##### DATASET EXCERPTS #####

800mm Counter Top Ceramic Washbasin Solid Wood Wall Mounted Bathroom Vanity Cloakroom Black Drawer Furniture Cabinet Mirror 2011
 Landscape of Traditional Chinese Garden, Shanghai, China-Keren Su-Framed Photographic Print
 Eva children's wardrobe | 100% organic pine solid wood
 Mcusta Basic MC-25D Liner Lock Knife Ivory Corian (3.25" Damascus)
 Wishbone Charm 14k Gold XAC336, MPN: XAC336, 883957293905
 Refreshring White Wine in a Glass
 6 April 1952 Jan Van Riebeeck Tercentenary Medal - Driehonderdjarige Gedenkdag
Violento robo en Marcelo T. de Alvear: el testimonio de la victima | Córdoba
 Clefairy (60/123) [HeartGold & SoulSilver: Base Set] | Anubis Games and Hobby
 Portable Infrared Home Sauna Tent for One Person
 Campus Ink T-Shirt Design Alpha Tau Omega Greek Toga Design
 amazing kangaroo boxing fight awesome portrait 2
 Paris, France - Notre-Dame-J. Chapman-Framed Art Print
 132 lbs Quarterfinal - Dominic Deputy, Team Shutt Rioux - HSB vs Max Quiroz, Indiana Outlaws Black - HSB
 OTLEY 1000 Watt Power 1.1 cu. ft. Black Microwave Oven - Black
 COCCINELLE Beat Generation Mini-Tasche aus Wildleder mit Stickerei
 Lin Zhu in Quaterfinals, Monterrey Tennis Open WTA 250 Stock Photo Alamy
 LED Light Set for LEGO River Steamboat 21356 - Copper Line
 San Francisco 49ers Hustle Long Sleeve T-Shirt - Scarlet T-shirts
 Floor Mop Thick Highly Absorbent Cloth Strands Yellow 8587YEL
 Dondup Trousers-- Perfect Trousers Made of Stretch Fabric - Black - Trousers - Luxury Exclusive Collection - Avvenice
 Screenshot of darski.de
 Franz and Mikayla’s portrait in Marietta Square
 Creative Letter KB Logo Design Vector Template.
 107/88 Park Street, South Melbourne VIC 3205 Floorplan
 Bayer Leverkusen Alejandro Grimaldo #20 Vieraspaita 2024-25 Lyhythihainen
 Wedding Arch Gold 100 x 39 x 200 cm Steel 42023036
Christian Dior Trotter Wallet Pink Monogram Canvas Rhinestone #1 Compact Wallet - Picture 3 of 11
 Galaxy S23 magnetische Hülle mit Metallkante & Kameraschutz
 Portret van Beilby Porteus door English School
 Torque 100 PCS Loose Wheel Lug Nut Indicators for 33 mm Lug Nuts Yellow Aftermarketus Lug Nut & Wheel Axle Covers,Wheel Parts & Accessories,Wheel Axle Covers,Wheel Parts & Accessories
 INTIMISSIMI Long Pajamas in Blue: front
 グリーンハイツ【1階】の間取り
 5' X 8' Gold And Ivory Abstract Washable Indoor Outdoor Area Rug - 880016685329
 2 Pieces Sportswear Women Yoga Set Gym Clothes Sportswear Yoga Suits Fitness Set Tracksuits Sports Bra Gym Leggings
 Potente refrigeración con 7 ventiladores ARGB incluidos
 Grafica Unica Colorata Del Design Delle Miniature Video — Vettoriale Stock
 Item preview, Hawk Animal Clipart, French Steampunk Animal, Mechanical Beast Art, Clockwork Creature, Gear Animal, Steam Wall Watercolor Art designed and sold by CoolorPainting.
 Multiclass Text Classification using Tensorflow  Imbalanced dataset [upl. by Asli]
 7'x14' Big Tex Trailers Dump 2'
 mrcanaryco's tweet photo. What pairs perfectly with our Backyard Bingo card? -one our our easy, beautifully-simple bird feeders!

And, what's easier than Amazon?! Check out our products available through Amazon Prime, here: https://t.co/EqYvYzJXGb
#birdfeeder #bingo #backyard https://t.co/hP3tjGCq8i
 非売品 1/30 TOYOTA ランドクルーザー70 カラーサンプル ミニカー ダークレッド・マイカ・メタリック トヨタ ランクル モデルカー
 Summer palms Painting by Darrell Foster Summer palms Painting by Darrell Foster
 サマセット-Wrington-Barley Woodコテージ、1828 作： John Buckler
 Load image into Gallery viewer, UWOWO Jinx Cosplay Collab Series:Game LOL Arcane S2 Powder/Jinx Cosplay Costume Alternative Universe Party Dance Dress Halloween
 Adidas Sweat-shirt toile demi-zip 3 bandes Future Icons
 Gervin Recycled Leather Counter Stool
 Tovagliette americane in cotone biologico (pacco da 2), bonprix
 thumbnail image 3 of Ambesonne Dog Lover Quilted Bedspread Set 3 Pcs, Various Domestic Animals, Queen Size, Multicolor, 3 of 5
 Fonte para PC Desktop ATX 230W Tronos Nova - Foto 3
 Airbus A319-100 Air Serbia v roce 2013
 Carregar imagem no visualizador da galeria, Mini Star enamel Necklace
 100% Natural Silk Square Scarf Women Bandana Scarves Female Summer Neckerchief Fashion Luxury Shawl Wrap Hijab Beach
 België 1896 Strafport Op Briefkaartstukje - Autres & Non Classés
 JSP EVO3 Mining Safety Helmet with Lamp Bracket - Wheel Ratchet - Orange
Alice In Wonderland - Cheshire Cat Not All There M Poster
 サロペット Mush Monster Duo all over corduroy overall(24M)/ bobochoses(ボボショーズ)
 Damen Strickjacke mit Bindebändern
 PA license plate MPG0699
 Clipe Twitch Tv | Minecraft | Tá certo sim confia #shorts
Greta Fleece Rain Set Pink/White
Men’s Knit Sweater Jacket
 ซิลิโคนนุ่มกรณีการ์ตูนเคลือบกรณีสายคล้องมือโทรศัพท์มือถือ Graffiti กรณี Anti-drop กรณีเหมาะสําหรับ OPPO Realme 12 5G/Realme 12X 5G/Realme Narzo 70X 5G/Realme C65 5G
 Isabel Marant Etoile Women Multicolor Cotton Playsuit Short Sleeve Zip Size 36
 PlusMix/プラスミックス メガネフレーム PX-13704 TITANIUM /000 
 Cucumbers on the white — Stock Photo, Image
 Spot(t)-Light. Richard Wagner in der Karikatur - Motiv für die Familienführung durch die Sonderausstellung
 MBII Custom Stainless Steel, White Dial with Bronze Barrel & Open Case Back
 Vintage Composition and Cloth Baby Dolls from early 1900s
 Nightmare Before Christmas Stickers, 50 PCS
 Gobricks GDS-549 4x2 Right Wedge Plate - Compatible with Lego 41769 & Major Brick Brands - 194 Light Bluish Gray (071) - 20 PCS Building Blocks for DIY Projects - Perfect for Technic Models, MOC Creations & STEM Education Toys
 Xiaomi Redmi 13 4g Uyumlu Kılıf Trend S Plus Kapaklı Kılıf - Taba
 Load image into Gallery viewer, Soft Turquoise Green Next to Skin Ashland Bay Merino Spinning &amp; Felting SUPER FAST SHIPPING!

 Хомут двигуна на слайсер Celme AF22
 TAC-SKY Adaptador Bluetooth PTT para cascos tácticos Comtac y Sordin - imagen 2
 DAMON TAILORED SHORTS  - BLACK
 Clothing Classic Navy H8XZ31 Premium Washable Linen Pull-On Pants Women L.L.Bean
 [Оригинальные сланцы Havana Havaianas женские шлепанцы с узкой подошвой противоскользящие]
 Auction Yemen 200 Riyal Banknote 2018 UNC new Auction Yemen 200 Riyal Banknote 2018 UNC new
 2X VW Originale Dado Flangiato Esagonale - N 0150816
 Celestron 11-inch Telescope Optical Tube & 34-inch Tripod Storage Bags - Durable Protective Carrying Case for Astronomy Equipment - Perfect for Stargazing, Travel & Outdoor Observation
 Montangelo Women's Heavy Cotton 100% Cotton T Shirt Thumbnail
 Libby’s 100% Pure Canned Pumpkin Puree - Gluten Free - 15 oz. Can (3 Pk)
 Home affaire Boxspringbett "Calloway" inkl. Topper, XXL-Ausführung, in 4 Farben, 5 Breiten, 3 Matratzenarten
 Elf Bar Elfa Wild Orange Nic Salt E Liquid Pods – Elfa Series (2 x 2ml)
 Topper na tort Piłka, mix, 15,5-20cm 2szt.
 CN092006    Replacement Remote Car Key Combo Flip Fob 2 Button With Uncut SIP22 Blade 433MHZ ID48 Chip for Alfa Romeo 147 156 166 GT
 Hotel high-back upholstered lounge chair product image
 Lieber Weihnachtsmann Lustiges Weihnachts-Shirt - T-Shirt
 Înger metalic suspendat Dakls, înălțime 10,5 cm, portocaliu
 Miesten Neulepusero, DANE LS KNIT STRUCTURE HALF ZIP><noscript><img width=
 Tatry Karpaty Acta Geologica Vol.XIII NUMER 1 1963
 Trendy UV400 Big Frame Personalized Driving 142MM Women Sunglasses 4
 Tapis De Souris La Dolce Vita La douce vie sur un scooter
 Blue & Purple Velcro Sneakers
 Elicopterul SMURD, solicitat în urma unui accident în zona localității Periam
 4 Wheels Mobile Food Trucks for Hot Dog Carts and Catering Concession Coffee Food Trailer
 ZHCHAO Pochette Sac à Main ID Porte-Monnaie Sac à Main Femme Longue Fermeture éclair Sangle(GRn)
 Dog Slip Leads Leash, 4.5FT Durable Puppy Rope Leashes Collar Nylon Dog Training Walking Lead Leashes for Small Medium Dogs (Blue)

#####

▸ **ACTIVITY**
Lines to set down from above: the line with "Load image into Gallery viewer, Soft", the line with "Auction Yemen 200 Riyal Banknote 2018 UNC new Auction", and every line between, each exactly as written.

▸ **THE COMPLETED TASK**
 Load image into Gallery viewer, Soft Turquoise Green Next to Skin Ashland Bay Merino Spinning &amp; Felting SUPER FAST SHIPPING!

 Хомут двигуна на слайсер Celme AF22
 TAC-SKY Adaptador Bluetooth PTT para cascos tácticos Comtac y Sordin - imagen 2
 DAMON TAILORED SHORTS  - BLACK
 Clothing Classic Navy H8XZ31 Premium Washable Linen Pull-On Pants Women L.L.Bean
 [Оригинальные сланцы Havana Havaianas женские шлепанцы с узкой подошвой противоскользящие]
 Auction Yemen 200 Riyal Banknote 2018 UNC new Auction Yemen 200 Riyal Banknote 2018 UNC new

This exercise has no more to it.